New shortened dictionary leaves readers empty-handed
By Nicki Crisci
Opinion Editor
Editors at Oxford recently decided to make some drastic changes to the Oxford English Dictionary; they opted to give the boot to more than 16,000 hyphens in the new sixth edition, leaving people hard-pressed to find out why this change occurred—or in fact, just hard pressed.
Most of the hyphens that were dropped were from compound nouns such as water-bed and ice-cream. Other words, such as bumble-bee and cry-baby, are being crunched together to form just one word.
In an article from the Oct. 7 issue of The New York Times, the Oxford editor Angus Stevenson said, “People are not confident about using hyphens anymore. They’re not really sure what they’re for.”

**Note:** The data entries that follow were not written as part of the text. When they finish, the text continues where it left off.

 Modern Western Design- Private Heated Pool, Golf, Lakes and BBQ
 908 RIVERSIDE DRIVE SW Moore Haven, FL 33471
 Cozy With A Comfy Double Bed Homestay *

Just because people don’t know what hyphens are for does not mean they can’t learn how to use them. The most basic way to find out how to correctly use hyphens is to look them up in the dictionary in the first place.

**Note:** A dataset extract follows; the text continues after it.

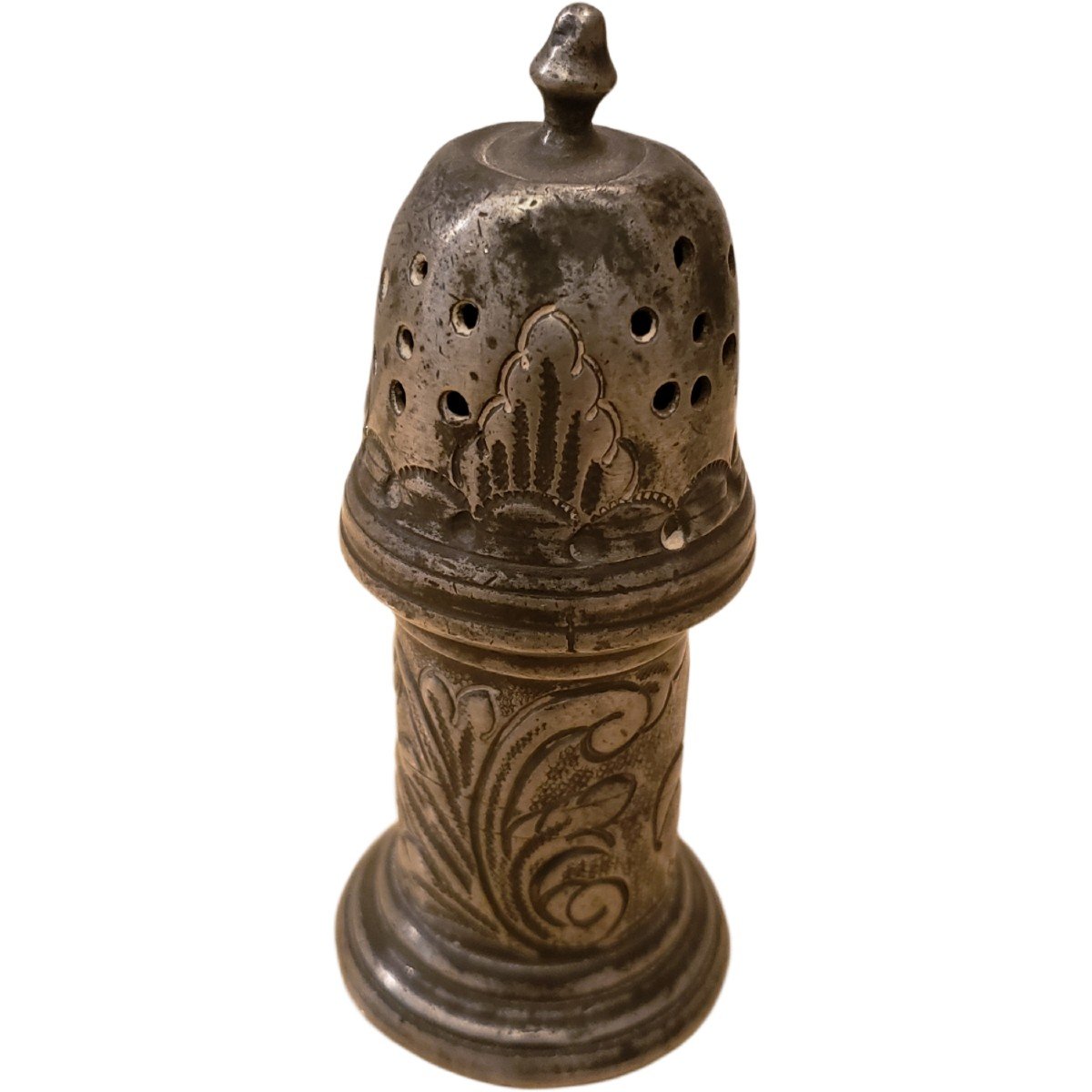 17th Pewter Shaker In Baluster Shape-photo-2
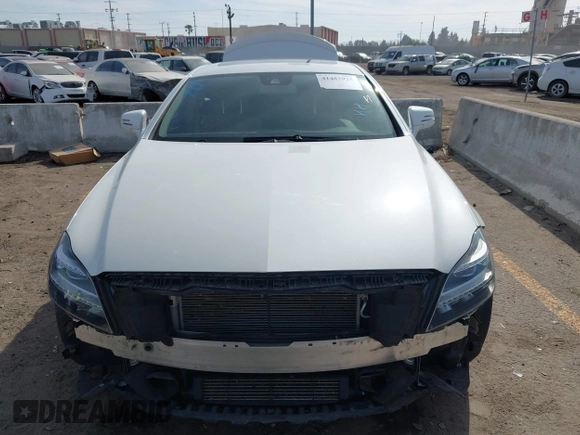 2014 Mercedes-Benz CLS-Class CLS 550 with VIN WDDLJ7DBXEA118935, listed as a IAAI auction lot 41457925 with 62,037 mi miles. Bid and sale history available at carsss.com. Image 13.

Now that the dictionary is changing all these hyphens that might be considered silly or outdated, the desire to look up such words may decline for the less-than-ambitious students across the country.
Hey, if you didn’t know that there was a hyphen in bumble-bee, why bother to know now, right? No. This change is like obesity for the mind. By eliminating hyphens, we are in gradually succumbing to ignorance and lessening our chances of learning new things.

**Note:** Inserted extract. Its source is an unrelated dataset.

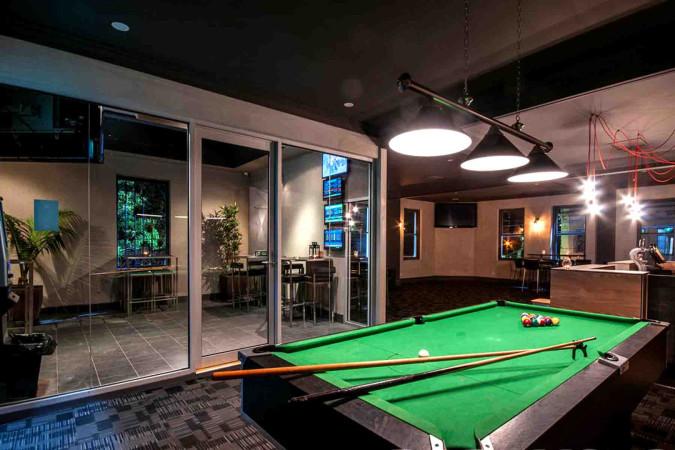 Best Sports Bars in Abbortsford - Bakers Arms Hotel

Hyphens are far from being obtrusive and silly.
Hyphenated words sprinkle the stories of great authors quite beautifully. Who could forget such mind-blowing images as Homer’s “rosy-fingered dawn” or Shakespeare’s “green-eyed jealousy.”
They add to writings a special element that would otherwise be absent without such a distinction in descriptive nouns.
It is simply mind-boggling to believe that the editors of the dictionary would decide to delete so many hyphens from our language when they have served such a good purpose over time.
This leads to many questions on my part.
Will Microsoft Word come out with a new update for its system involving the extinction of hyphens? Will English professors across the country have new grammar problems to tackle? Or will people just become lazier, knowing that there are words now that they can fail to punctuate correctly?
We must still have some stability to hold onto while every aspect of life is modernized. What kind of a society will we become when we no longer have variety in our paragraphs? The hyphen-less writings will be as monotonous as the computer screens from which we now read e-books any day of the week.
This change also leaves one to wonder what they will decide to get rid of next.
Will colons and semicolons be eliminated because no one is quite “sure what they’re for,” because people weren’t taught how to use them the right way?
Oxford may have the influence of their authority, but I for one will be a cry-baby mourning the loss of 16,000 hyphens and give them a home in my articles and other writings.